#### Activity
Please copy exactly the lines from the one containing "Weapon, Armor, and" to the end of the entries, both included, and nothing else. Omit every picture.

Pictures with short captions
========

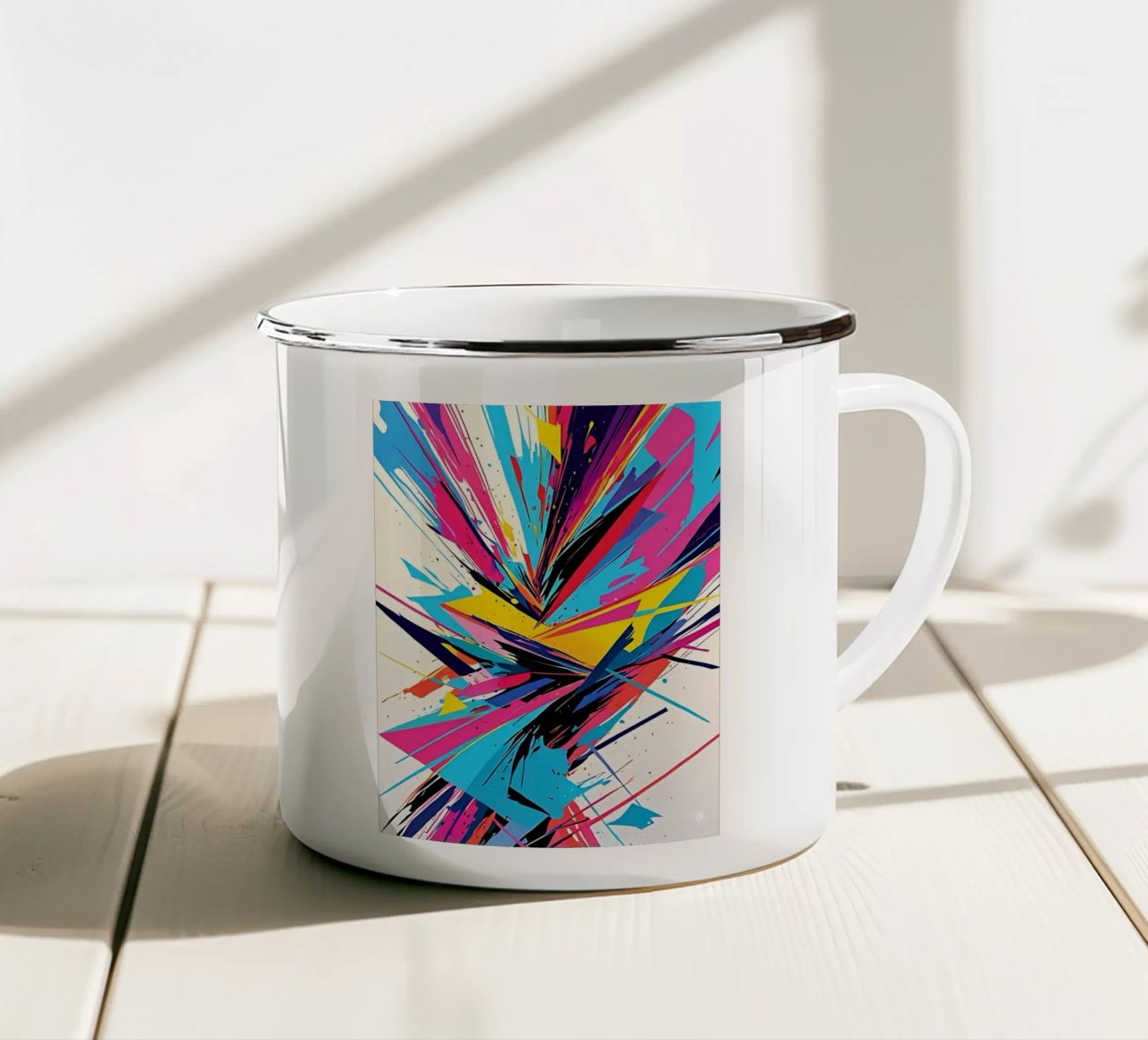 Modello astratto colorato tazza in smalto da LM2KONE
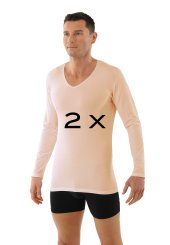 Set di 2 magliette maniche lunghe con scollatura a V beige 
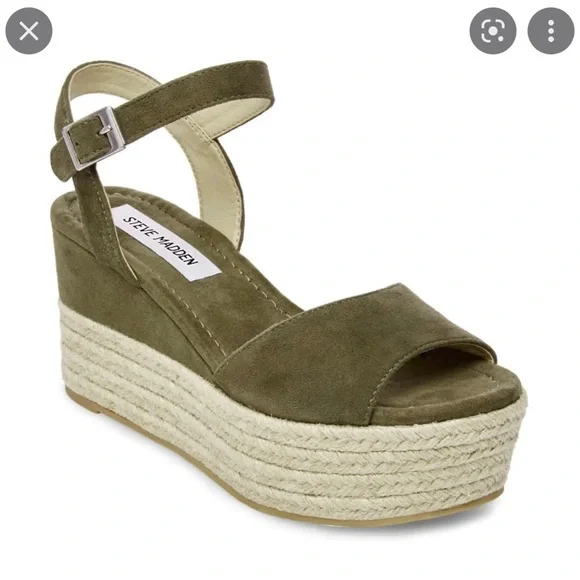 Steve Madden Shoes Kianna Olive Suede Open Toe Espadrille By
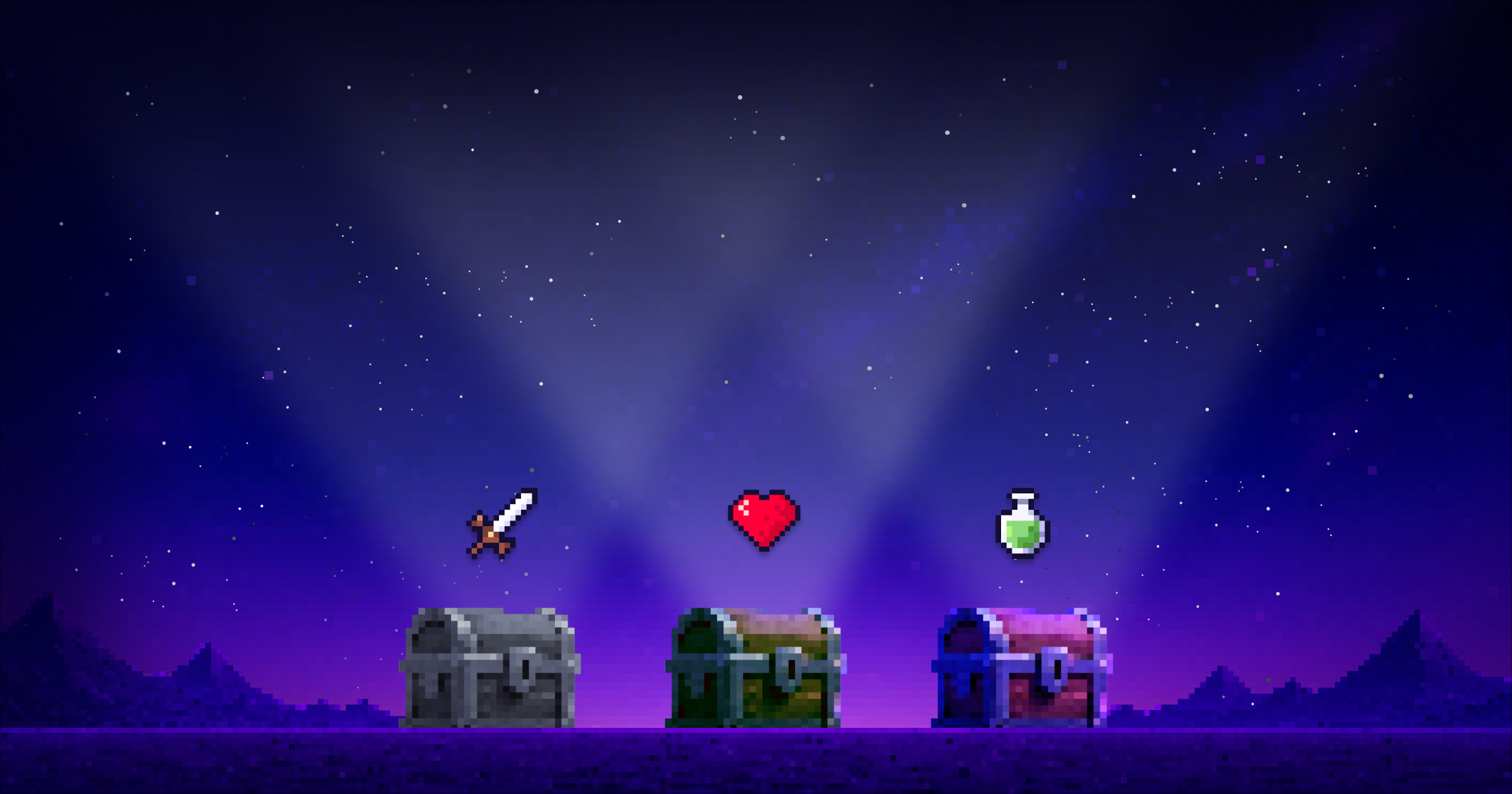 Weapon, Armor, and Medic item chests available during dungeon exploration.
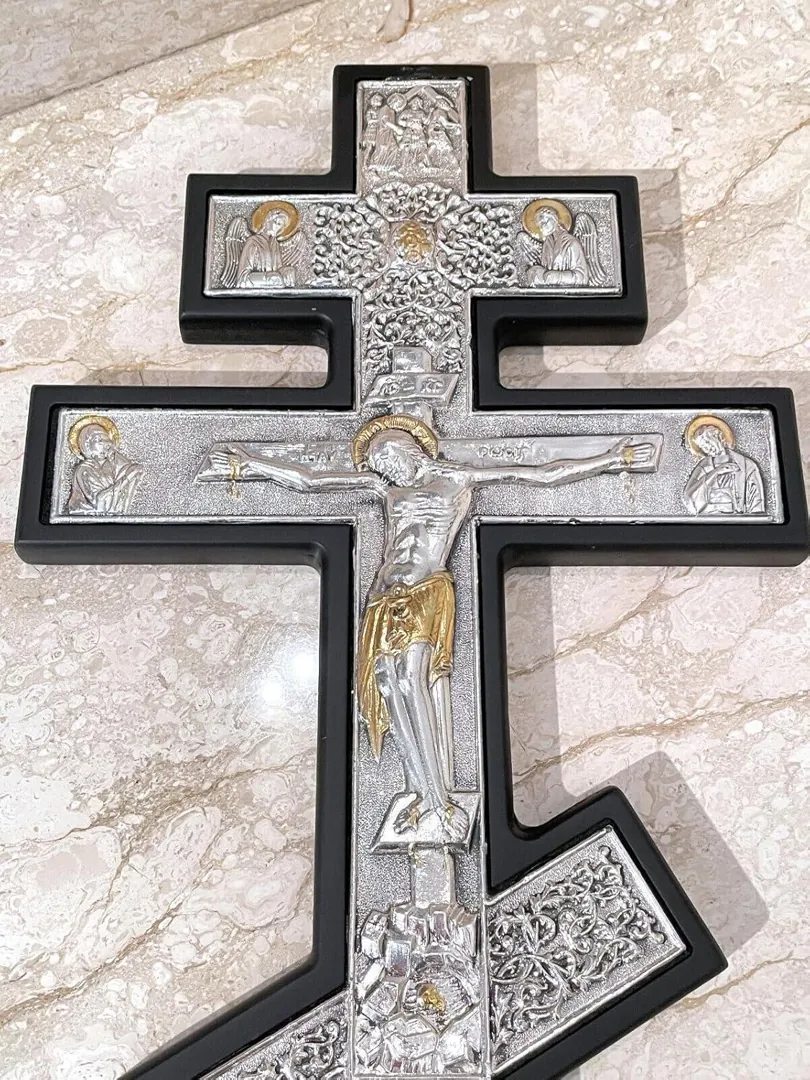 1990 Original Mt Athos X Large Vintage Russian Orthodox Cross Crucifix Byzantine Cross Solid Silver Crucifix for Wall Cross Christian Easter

========

#### Exercise answer
 Weapon, Armor, and Medic item chests available during dungeon exploration.
 1990 Original Mt Athos X Large Vintage Russian Orthodox Cross Crucifix Byzantine Cross Solid Silver Crucifix for Wall Cross Christian Easter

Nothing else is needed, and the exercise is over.